Josh Grier swears there's more to Minnesota than Prince, Jesse "the Gubernatorial Body" Ventura and that scrappy major-league baseball team, the Twins.
OK, maybe there are four things now that his band Tapes 'n Tapes released The Loon, an album of 11 songs written and recorded with Grier at the helm. The album sports great pop songs, bustling instrumentals and shimmering sweetness. It's the kind of indie-rock record that makes the Spins and Pitchforks of the world wet themselves with glee. They did just that earlier this summer when Tapes 'n Tapes surfaced in one of those blog-age music buzzes that come around a couple times a year (think Clap Your Hands Say Yeah).
The Minnesotan lecture at hand has Grier laughing as he reveals plans for the band's next release.
It will be a follow-up of immense proportions.
It will be innovative and witty.
More importantly, it will be named after a chubby baseball player.
"Well, we've decided to call our next record Kirby Puckett," Grier says.
Grier eventually agrees with the assessment about his home state and hopes to snag a few more Minnesotans who love a great record almost as much as they love watching Twins highlights.
Or, more likely, that's just a joke.
The Loon lets listeners in on the intrinsic humor of the band, with a variety of playful sounds such as synthesizer noises and kazoos that add to the mishmash of musical ingredients that make the record so lushly eccentric. Though the quartet -- a rotating-door membership that currently includes Grier as well as bassist Matt Kretzmann, guitarist Steve Nelson and drummer Erik Applewick -- is good at making jokes, it's even better at making great records.
"The things that I like in other records are discovering different parts, but at the same time not having things so busy that you can't exactly figure out what's going on," Grier says about the mind-set that helped shape The Loon. "I want to keep the music exciting and interesting for us by mixing it up, and that's how I think the record came out."
It did just that, garnering praise from fans, critics and lots of people from Minnesota. As its fame grew by word of mouth and standout shows, TnT's fame snowballed into one of those "Twilight Zone" situations that still amazes Grier to this day.
"I don't ever really think about it that much," Grier says about the praise and attention hurled upon the band. "Whenever anybody brings it up, it kind of weirds me out. It's cool, but at the same time if you think about it too much then you start wandering off into this weird realm of not living in reality.
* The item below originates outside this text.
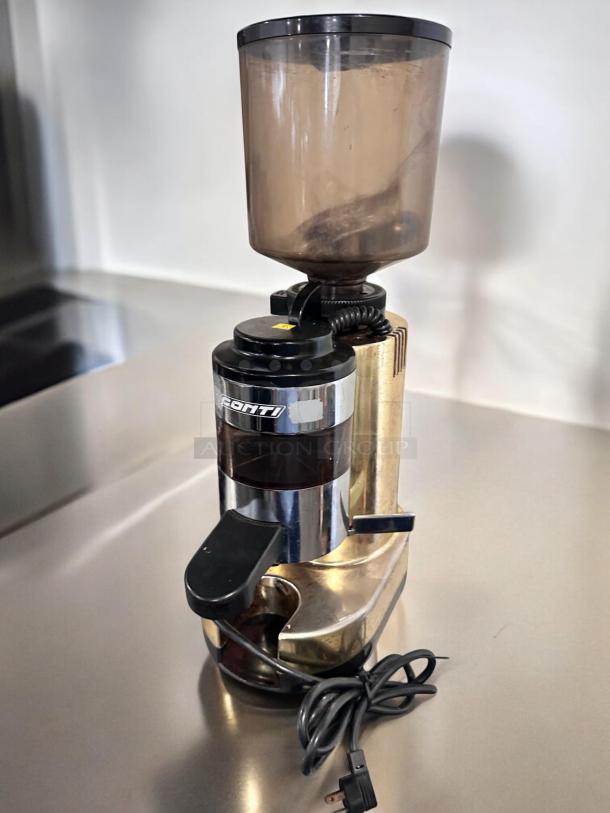 Conti RR45 espresso coffee grinder in excellent condition, made in Italy, fully tested and working.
Sometimes it's like, 'Oh, shit, this is pretty insane.'"
Well put, since that is where most of The Loon seems to take place -- in another reality.
The Loon impresses right away with "The Iliad" meandering on a loose musical drift on the lazy river of funny noises, wiping the sleep from its eyes with a sharp and snappy chorus. That's followed by "Insistor," which is basically the theme of Pirates of the Caribbean had the movie been about drunken rollicking guitar pirates from the Twin Cities. Outings such as those match well, though, in a diverse picture book that also includes the doe-eyed reflective balladry of "Omaha." It's only par for the course when Grier explains how instead of getting into specific recording process, most of The Loon's tunes were songs he had written awhile ago or came from fractured pieces of songs from each member.
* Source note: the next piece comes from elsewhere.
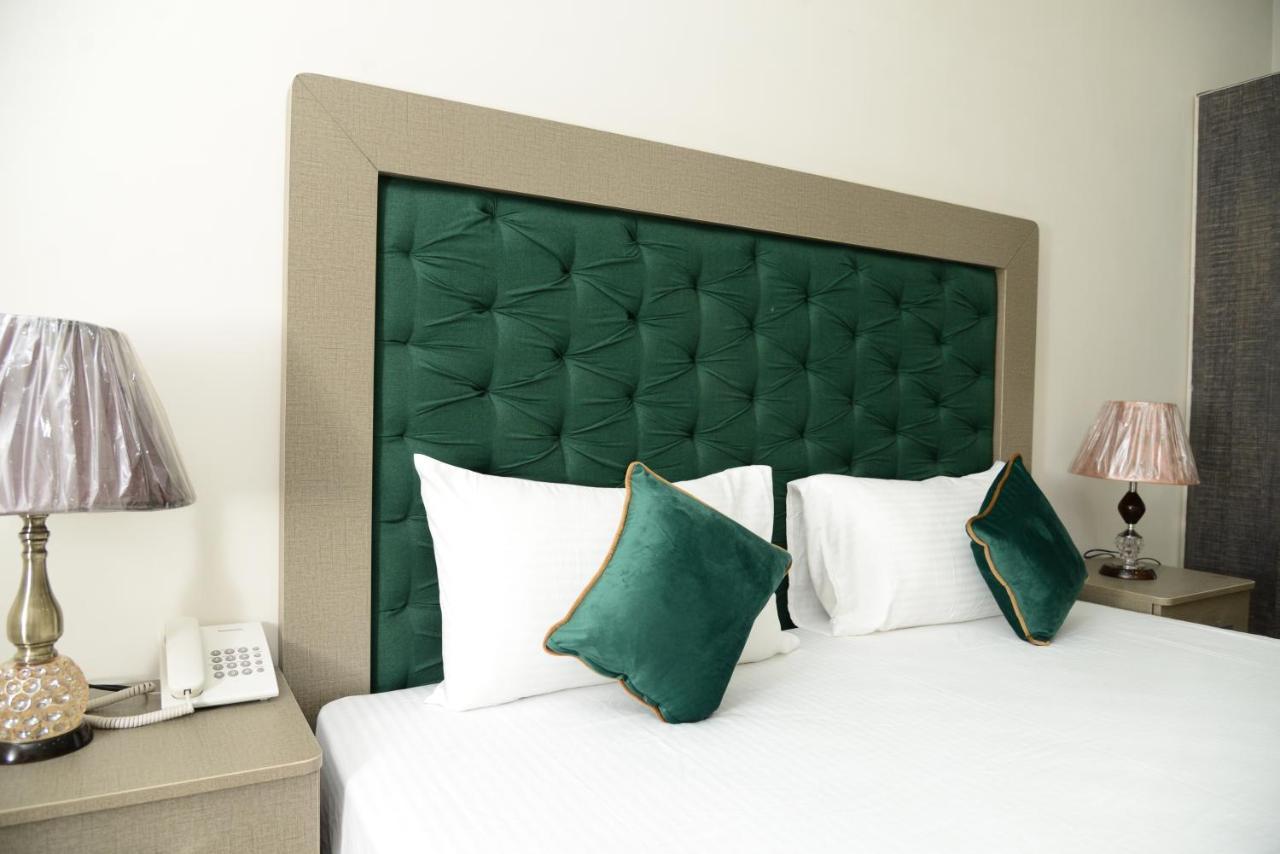 Hotel Deluxe Lahore Ngoại thất bức ảnh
A record like this could easily be a nightmare to pull off live, but TnT has done just that -- adding to the lore of this great album by taking it to another level onstage.
"If you make a great record and totally suck as a live band, it's not going to cut it," Grier explains. "Our record is a good representation of what the songs should sound like. If anything, when we play live now it's more dynamic than the record because we've become a much better band now than when we made this record, so we can explore the songs more. We rock out."
Only the leader of a band so complicated and diverse could get away with explaining what he does so simply. But, after all, who can argue with a bunch of Minnesotans who just know how to rock out.